[Records from a data collection]
-----

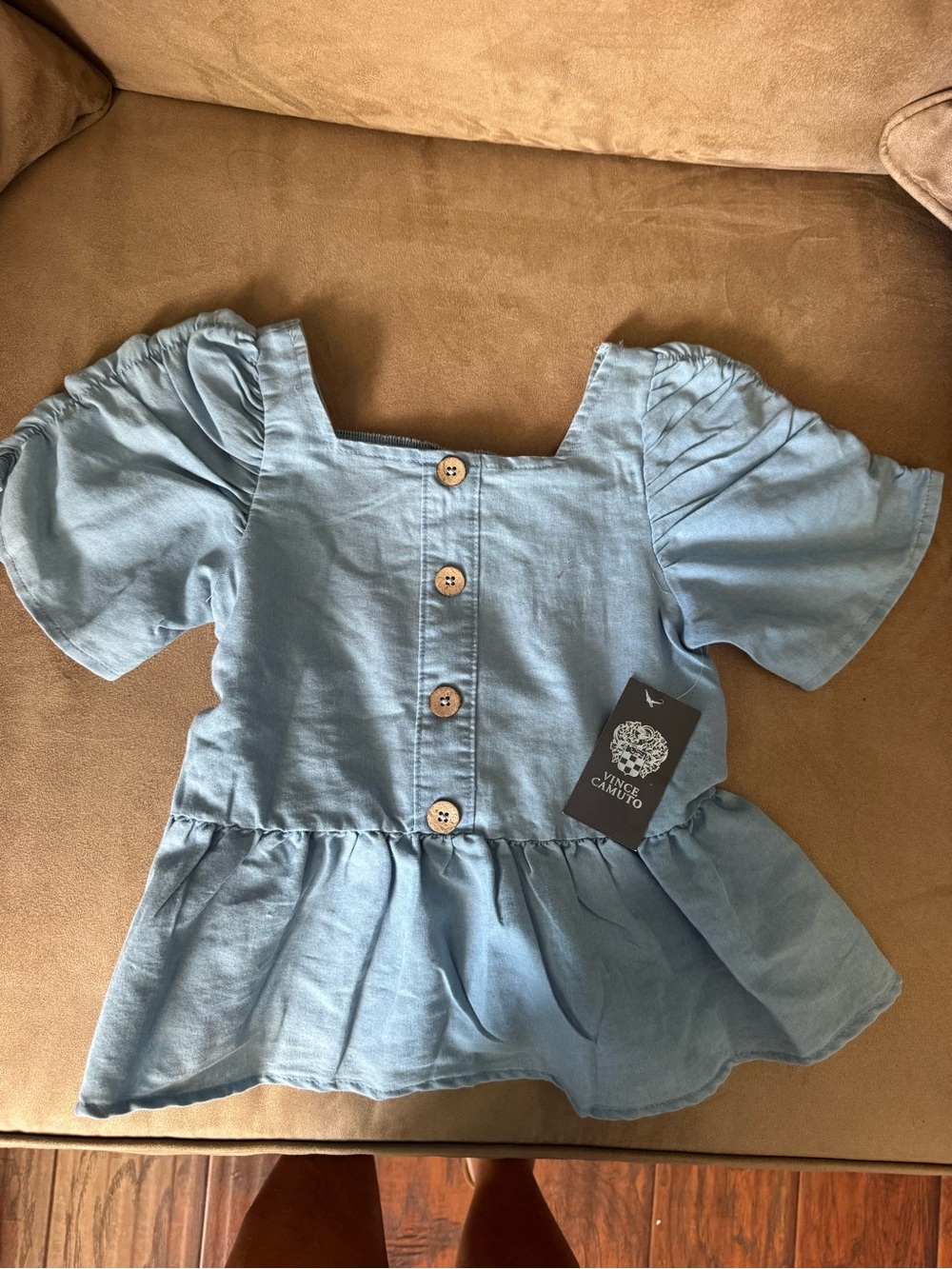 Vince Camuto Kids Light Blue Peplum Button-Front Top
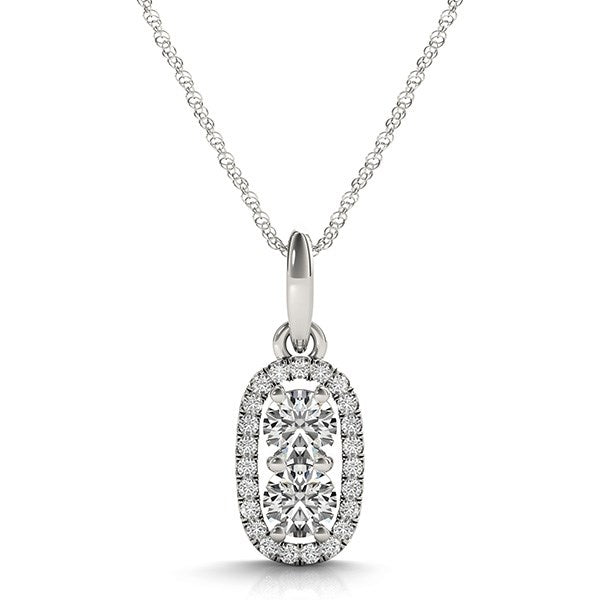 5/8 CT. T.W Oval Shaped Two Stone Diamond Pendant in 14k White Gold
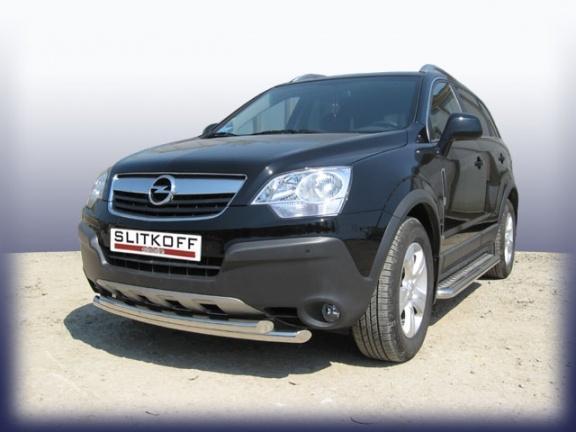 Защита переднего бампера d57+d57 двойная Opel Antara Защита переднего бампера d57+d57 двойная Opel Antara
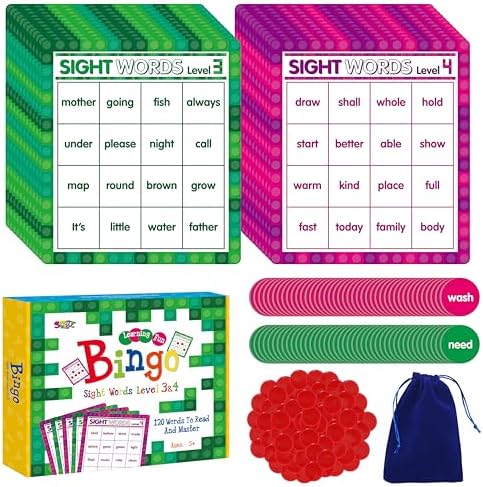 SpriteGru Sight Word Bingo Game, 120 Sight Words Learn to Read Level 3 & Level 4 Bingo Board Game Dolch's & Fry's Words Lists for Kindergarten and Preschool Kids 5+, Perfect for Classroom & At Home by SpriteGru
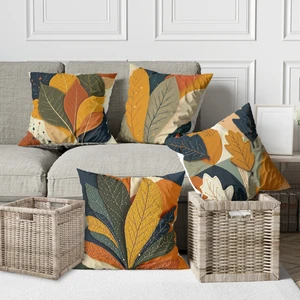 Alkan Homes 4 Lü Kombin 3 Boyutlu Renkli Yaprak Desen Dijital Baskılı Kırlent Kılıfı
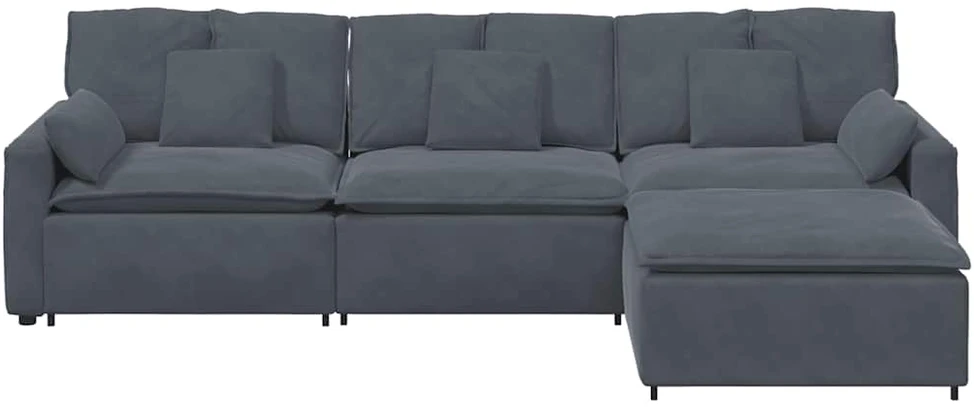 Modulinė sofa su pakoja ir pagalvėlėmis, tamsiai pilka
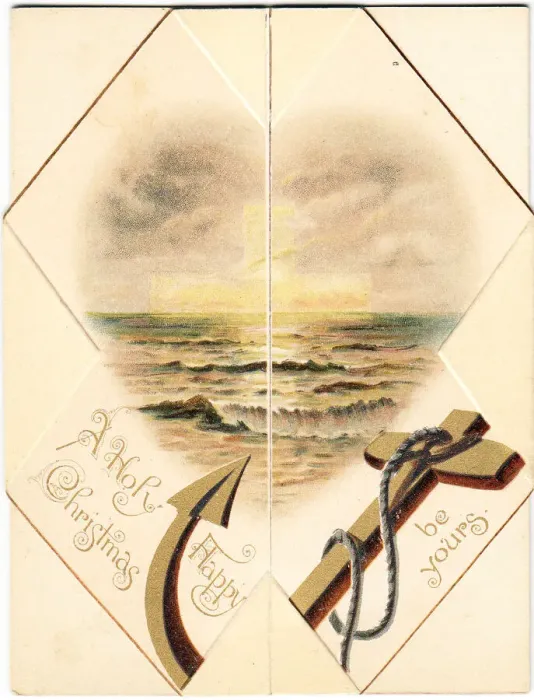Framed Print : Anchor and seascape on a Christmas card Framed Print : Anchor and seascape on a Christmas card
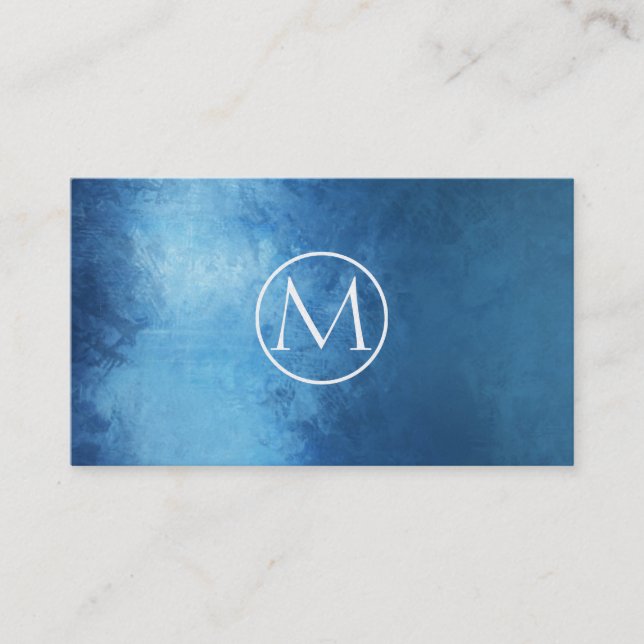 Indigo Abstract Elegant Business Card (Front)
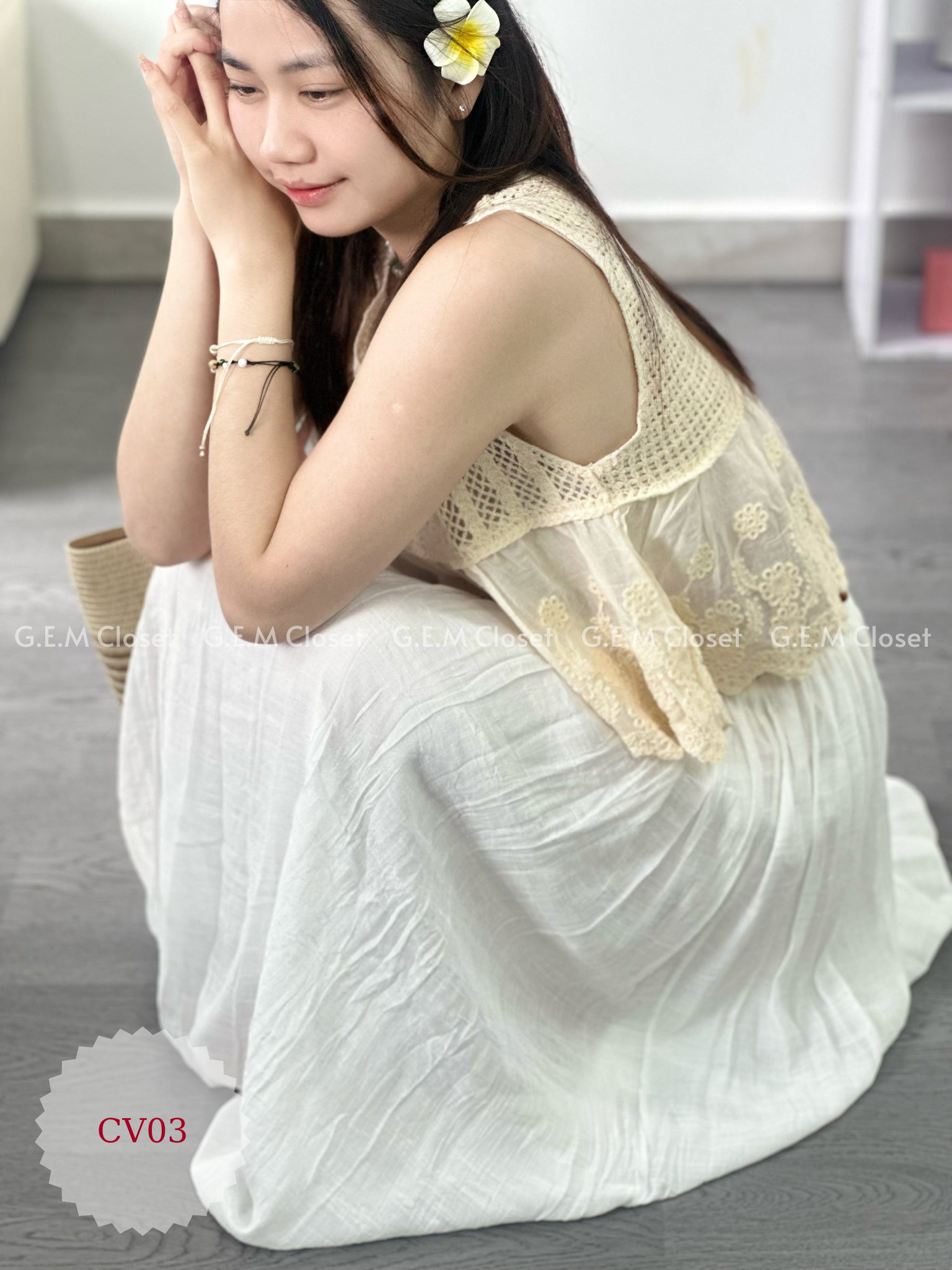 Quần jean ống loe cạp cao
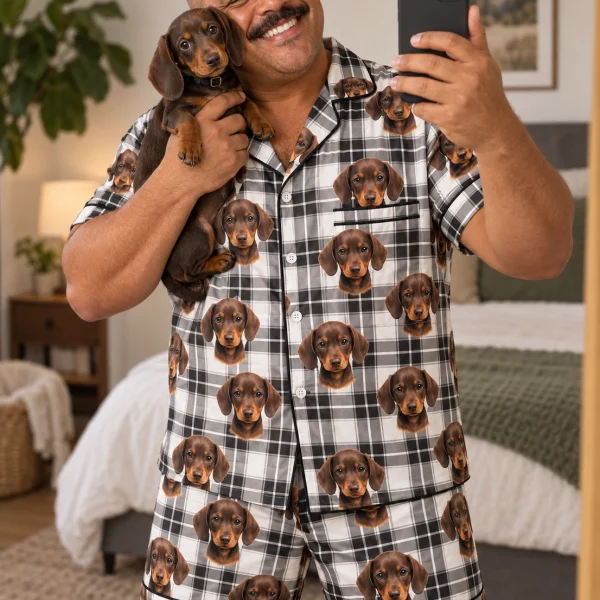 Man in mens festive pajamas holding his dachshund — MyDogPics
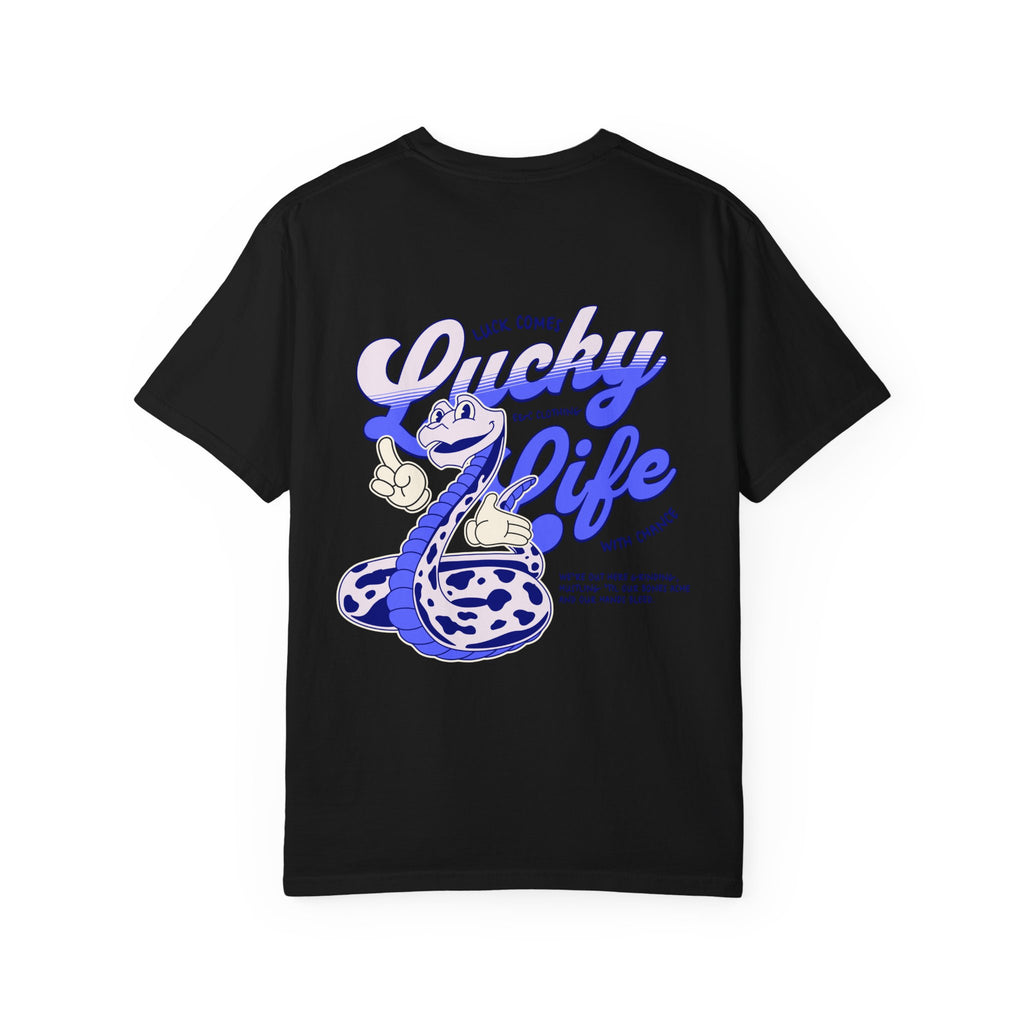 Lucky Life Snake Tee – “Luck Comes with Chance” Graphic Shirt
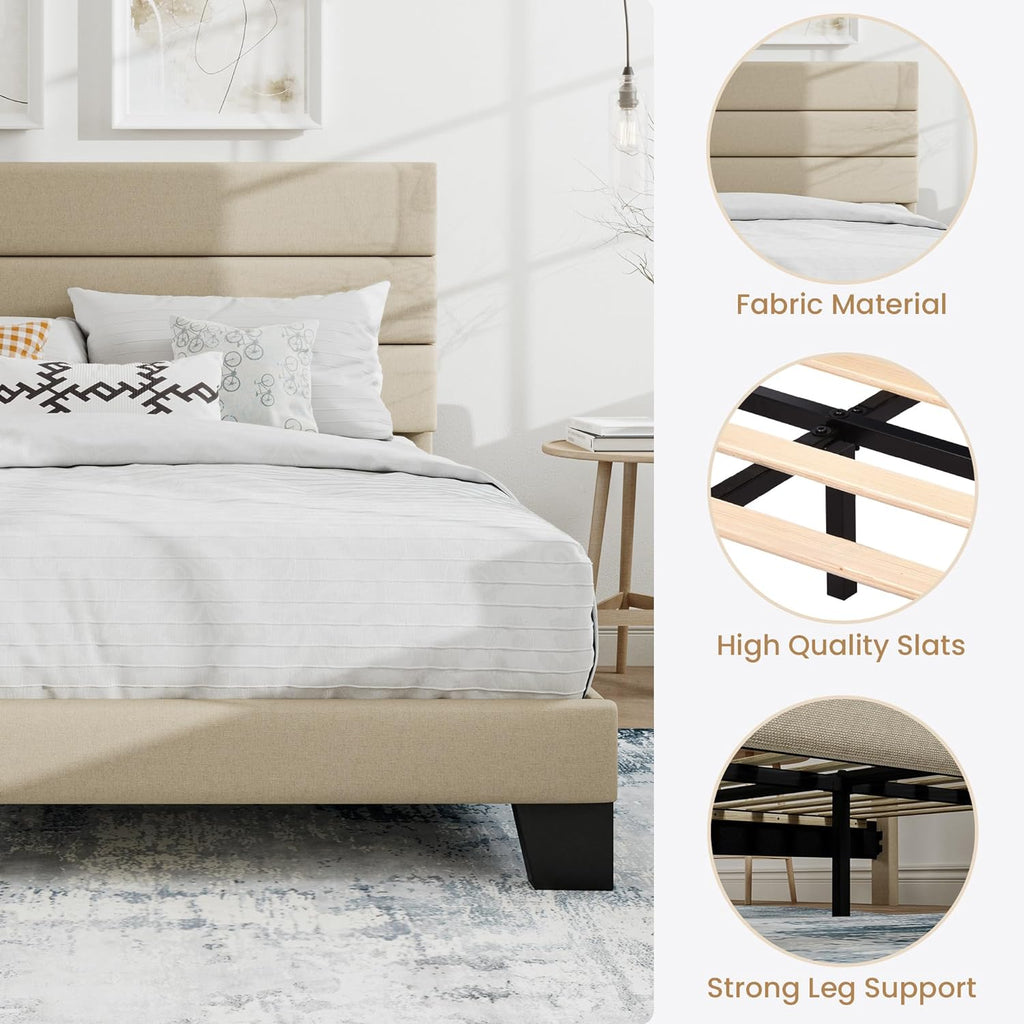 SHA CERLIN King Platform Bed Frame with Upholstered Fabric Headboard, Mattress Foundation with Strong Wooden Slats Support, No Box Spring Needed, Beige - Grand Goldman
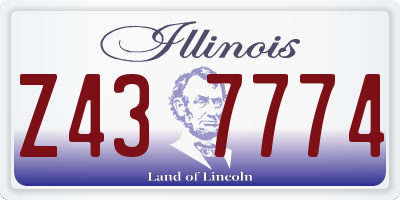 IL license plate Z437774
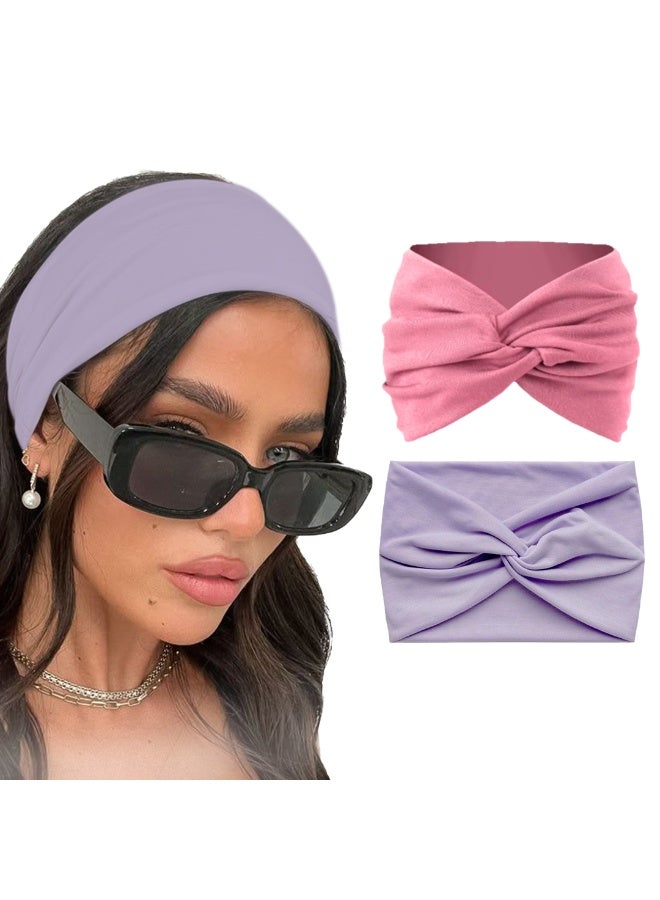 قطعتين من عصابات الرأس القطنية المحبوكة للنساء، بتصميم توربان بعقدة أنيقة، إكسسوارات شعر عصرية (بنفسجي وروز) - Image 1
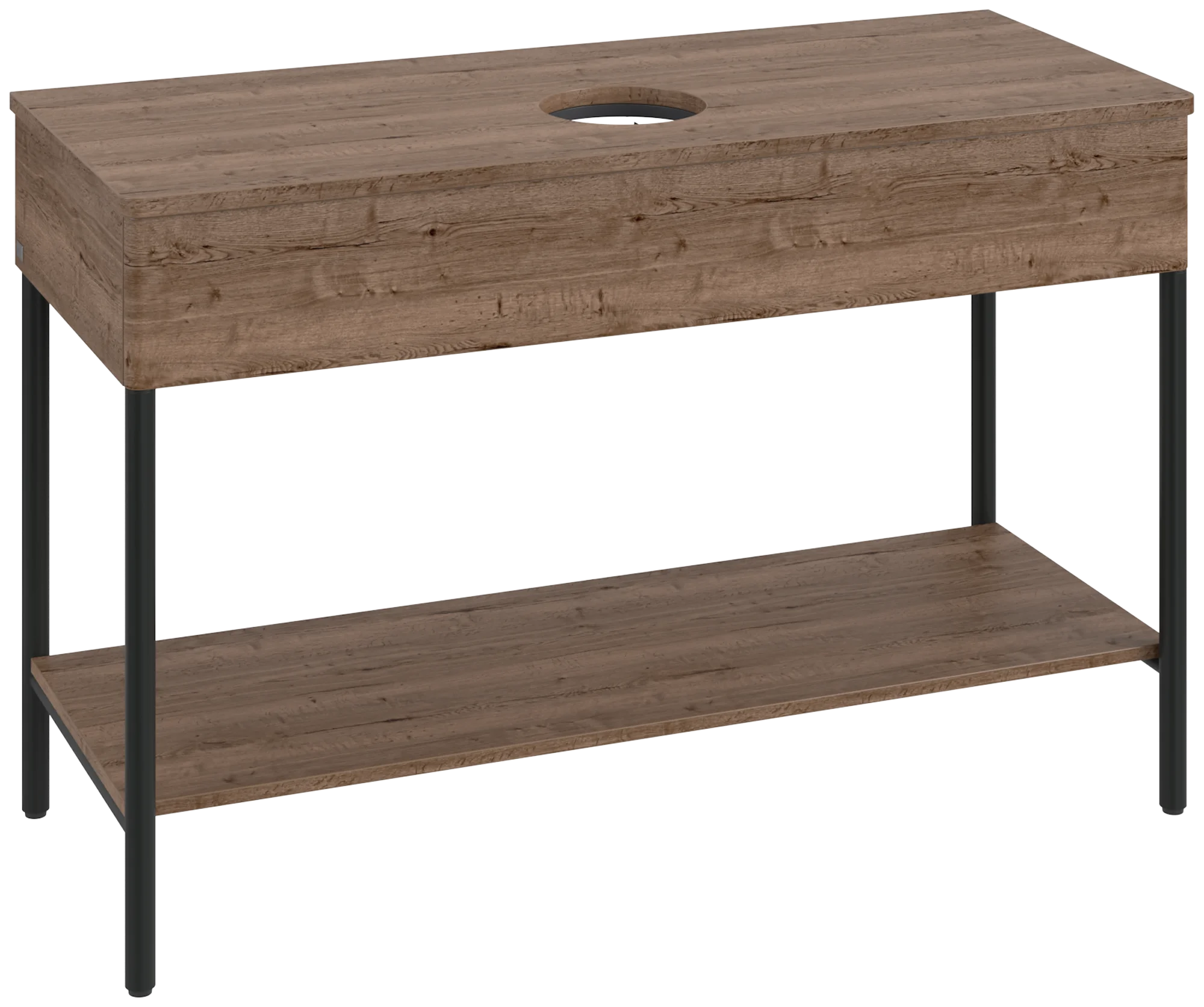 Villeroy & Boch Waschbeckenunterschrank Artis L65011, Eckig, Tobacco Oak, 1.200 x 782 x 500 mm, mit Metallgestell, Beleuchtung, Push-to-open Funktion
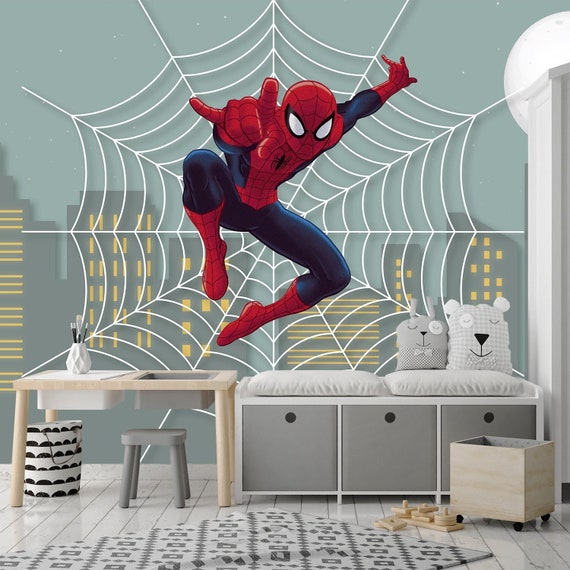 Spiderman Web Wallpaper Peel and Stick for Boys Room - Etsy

-----

* PROMPT: Please return, exactly as written, the lines from the first line of the records above through the line containing "Защита переднего бампера d57+d57 двойная Opel Antara Защита", both included, leaving out any pictures.

* EXPECTED ANSWER:
 Vince Camuto Kids Light Blue Peplum Button-Front Top
 5/8 CT. T.W Oval Shaped Two Stone Diamond Pendant in 14k White Gold
 Защита переднего бампера d57+d57 двойная Opel Antara Защита переднего бампера d57+d57 двойная Opel Antara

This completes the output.